Philip Morris exec tells jurors Marlboro-maker changed
MIAMI, June 12 (Reuters) - The head of America's biggest cigarette maker testified on Monday in a landmark sick-smokers lawsuit that the tobacco industry was cleaning itself up and need not be stung with billions of dollars in court penalties.
In a much-anticipated appearance in the high-stakes Engle class-action case, CEO Michael Szymanczyk of Philip Morris USA, said his unit, the domestic tobacco arm of the global packaged goods giant Philip Morris Cos. Inc.,had been reforming its sales methods, attacked for targeting teenagers, since 1997.
``It was pretty clear what Philip Morris was doing was out of alignment with society's expectations of it,'' Szymanczyk told the six jurors weighing punitive damages for an estimated 500,000 or more sick smokers in Florida.
The jury has already declared Philip Morris, R.J.Reynolds Tobacco (NYSE:RJR - news), maker of Camels, British American Tobacco Plc (quote from Yahoo! UK & Ireland: BATS.L) unit Brown & Williamson and others committed fraud, conspiracy and had sold defective products.
The jury is now considering punitive damages, which could total hundreds of billions of dollars, by some forecasts. Defence lawyers have said they hope to convince the jurors that the maligned tobacco industry has mended its ways.
The six jurors have heard testimony since 1998 in the pioneering case named after an ailing Miami Beach pediatrician and have also ordered the tobacco companies to pay $12.7 million to three sick smokers for actual damages.

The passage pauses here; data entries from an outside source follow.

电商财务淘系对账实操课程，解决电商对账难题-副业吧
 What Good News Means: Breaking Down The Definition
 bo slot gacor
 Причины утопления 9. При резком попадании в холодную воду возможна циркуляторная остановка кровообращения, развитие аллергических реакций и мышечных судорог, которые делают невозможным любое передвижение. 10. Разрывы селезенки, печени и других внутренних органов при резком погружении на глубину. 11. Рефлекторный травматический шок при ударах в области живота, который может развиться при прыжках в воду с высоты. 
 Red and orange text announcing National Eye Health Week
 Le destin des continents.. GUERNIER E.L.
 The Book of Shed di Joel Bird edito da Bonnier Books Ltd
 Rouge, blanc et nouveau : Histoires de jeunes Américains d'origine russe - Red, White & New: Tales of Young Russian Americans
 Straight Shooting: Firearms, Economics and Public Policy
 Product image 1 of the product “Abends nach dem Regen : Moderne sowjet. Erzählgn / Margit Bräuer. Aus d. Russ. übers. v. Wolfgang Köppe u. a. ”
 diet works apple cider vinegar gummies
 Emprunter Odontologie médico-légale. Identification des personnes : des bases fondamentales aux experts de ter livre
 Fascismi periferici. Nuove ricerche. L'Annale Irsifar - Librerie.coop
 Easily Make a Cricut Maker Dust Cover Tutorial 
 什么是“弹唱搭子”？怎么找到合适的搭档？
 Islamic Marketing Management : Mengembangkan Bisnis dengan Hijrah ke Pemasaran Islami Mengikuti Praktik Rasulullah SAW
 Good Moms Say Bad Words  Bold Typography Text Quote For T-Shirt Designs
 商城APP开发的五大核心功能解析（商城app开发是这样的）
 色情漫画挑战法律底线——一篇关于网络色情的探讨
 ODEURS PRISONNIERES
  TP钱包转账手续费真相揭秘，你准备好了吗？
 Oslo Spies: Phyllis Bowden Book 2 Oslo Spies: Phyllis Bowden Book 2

Szymanczyk said Philip Morris, the maker of Marlboro, the world's best-selling cigarette, and other tobacco groups were besieged in the mid-1990s by state government lawsuits, calls for get-tough laws in Congress, and scores of suits by sick smokers and nonsmokers claiming injury from secondhand smoke.
With Philip Morris responsible for at least half the payments, the tobacco companies struck deals with all the state governments calling for $254 billion in payments over 25 years, he testified.
The agreements also called for sharp restrictions on cigarette advertising and marketing, spurred a 50 percent per-pack price increase to $3 and have so far cut volume sales of cigarettes in the United States by 13 percent, Szymanczyk said.
Philip Morris, he said, no longer sponsors sports events such as the Virginia Slims tennis matches or uses billboards, arena signs, and give-away caps and jackets to promote Basic, Parliament and its other brands.
In fact, many of the same billboards once carrying Marlboro ads of robust cowboys on horseback now had anti-smoking banners and posters, he said.
Dan Webb, an attorney for Philip Morris questioning the executive, presented slides of some of the substituted anti-smoking advertisements. One portrayed two cowboys chatting in the great American West, parodied the distinctive styling of a Marlboro ad, and bore the caption, ``Bob, I have emphysema.''
Szymanczyk, in an apparent bid to temper punitive damages, testified Philip Morris USA was already committed to pay out roughly $93 billion under the 1997 state-government pacts through 2021, or more than twice its profits between 1971 and 1996.
The executive did not testify on the profits of parent Philip Morris Cos. Inc., whose businesses include Kraft Foods and Miller Brewing and whose net profits totalled $7.67 billion in 1999.
Asked by Webb if Philip Morris USA could have paid its half share of the state governments' pact in one lump sum, the form punitive damages usually require, Szymanczyk said, ``No.''
Florida legislators in April took away much of the immediate financial threat to the tobacco companies by passing a law limiting to $100 million the bond a losing defendant must post while appealing a verdict. Without that bill, a security bond of 120 percent of awards might have bankrupt the industry.